Un cenno vorrei farlo anche a proposito della serietà ed autorevolezza delle critiche arrivate nei giorni scorsi da parte di personaggi politici di primo piano. Da dove partire...cominciamo con chi all'inizio di questo mese si è fatto fotografare con un piatto di speck in mano, sostenendo che bisognava aprire tutto e che i turisti avrebbero fatto bene ad andare sulle Dolomiti (dove stava lui); che dopo una settimana passeggiava per Roma cercando un supermercato in via del Tritone (!) e che dopo qualche giorno è stato ospite di trasmissioni televisive a Milano (della serie: stiamo a casa, ma è meglio se ci state voi) e che oggi sostiene di chiudere tutto (alla faccia della coerenza).

Proseguirei con chi, a capo di un partito che ha una dichiarata (con orgoglio) partecipazione di provenienza di ideologie autoritarie, ha dichiarato che con l'inasprimento delle norme restrittive e con le decisioni prese autonomamente dal governo, l'Italia stava imboccando una deriva autoritaria (della serie: il bue dà del cornuto all'asino).

Terminerei con chi, per il suo bisogno di avere visibilità, accusa il governo di utilizzare i social media anziché il parlamento o le conferenze stampa per le comunicazioni e si è dimenticato che, quando lui era il Premier, faceva dirette Facebook praticamente ogni mattina alle 6.30 (anche qui: benedetta coerenza).

Le mancanze del governo rispetto a tutto quello di cui c'è bisogno sono indubbiamente molte e in ambiti prioritari (solo per citare alcuni esempi: la disponibilità di mascherine soprattutto per il personale sanitario, il cambiamento frequente delle misure prese, le trattative con Confindustria e sindacati, la necessità di chiarezza nei confronti dell'Europa e probabilmente molte altre), ma altrettante sono state le decisioni positive. C'era e c'è molto da imparare, ma credo che modificare l'indirizzo di una decisione sia meglio che non decidere affatto e che in Italia, più forse che in altri Paesi, sia necessario tenere conto del tessuto sociale che formiamo come cittadini.
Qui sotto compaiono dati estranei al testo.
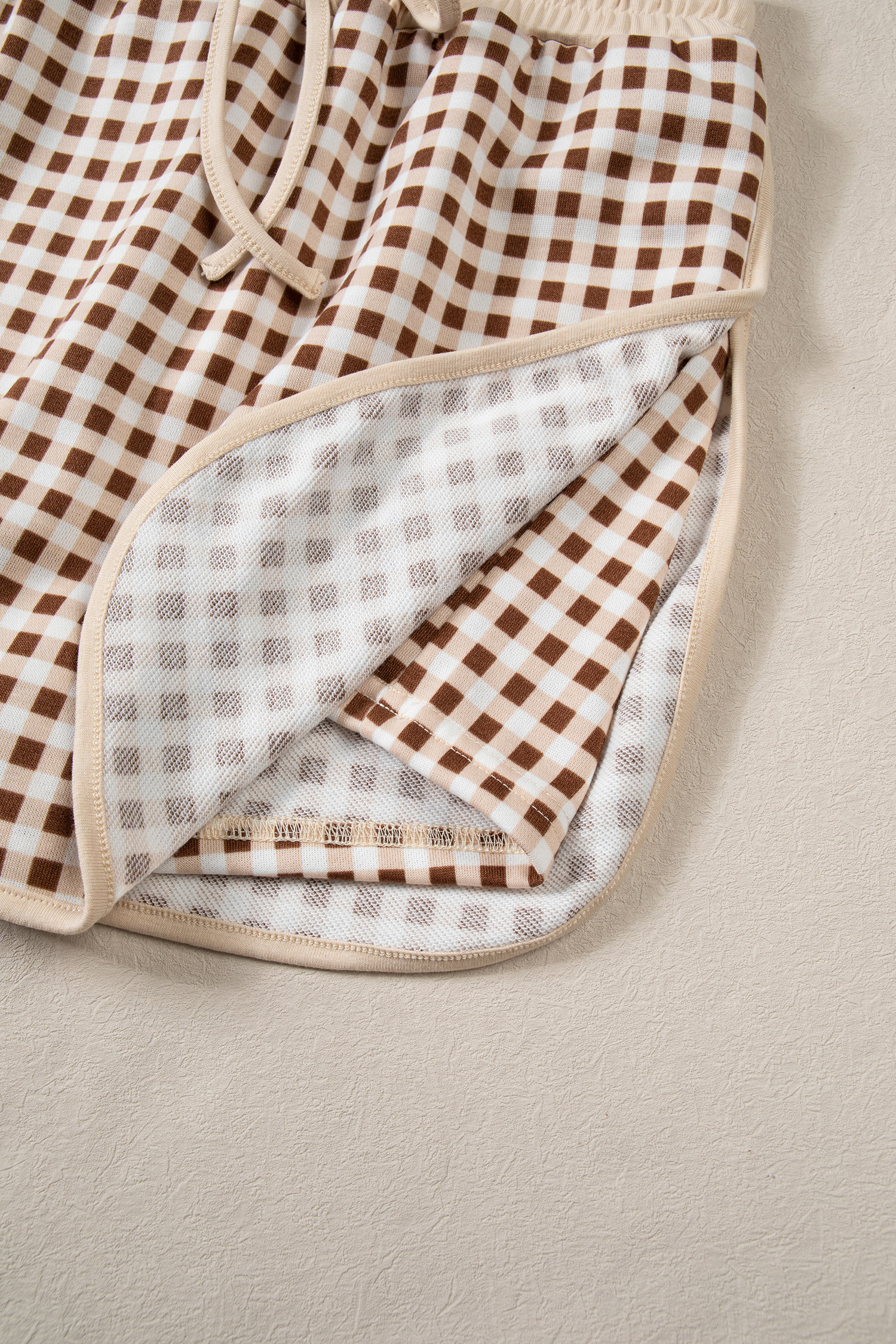 Women's Gingham Skort Set, Casual Brown Plaid 2 Piece Outfit - Detail View 16 Women's Gingham Skort Set, Casual Brown Plaid 2 Piece Outfit - Detail View 16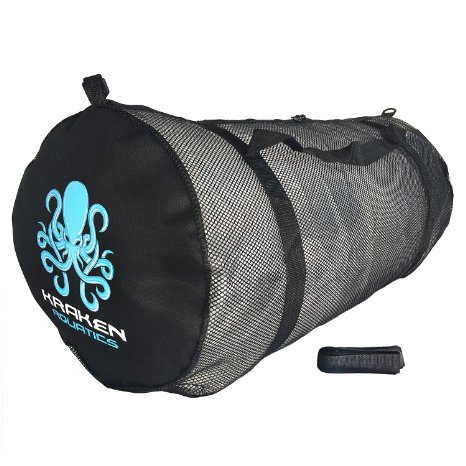 Large Mesh Duffle Gear Bag with Shoulder Strap for Scuba Diving, Snorkel, Swimming, Beach and Sports Equipment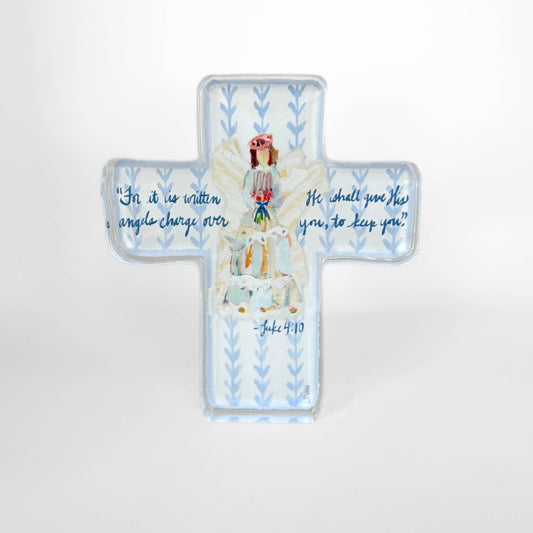 Lauren Dunn - Angels to Watch Over Us Acrylic Cross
Come dicevo, oggi ci sono 60 milioni di virologi e di esperti in materia di Protezione Civile e tutti estremamente convinti della bontà delle loro posizioni: si doveva fare questo, piuttosto che quello; il tale Paese ha risolto in questo modo, il tal altro in quell'altro e via così e, ovviamente, chi è stato chiamato davvero "a fare" ha sbagliato (qualunque decisione avrebbe preso, avrebbe sbagliato comunque). Per il nulla che conta la mia opinione, che cerco sempre di farmi per conto mio, ho potuto vedere che l'esempio dell'Italia, in termini di strategia, è stato seguito da tutti gli altri Paesi europei che, a differenza di quanto accaduto a noi, hanno potuto seguire un esempio e quell'esempio siamo stati noi (e ribadisco che l'Italia non poteva seguire l'esempio della Cina per la notevole ed evidente differenza di tessuto sociale tra quel Paese ed il nostro).

Molto resta ancora da fare, spero che questo inatteso "training on the job" possa ulteriormente accelerare quella che riconosco esser una china virtuosa e che mi auguro possa dare risultati ancora migliori nel più breve tempo possibile.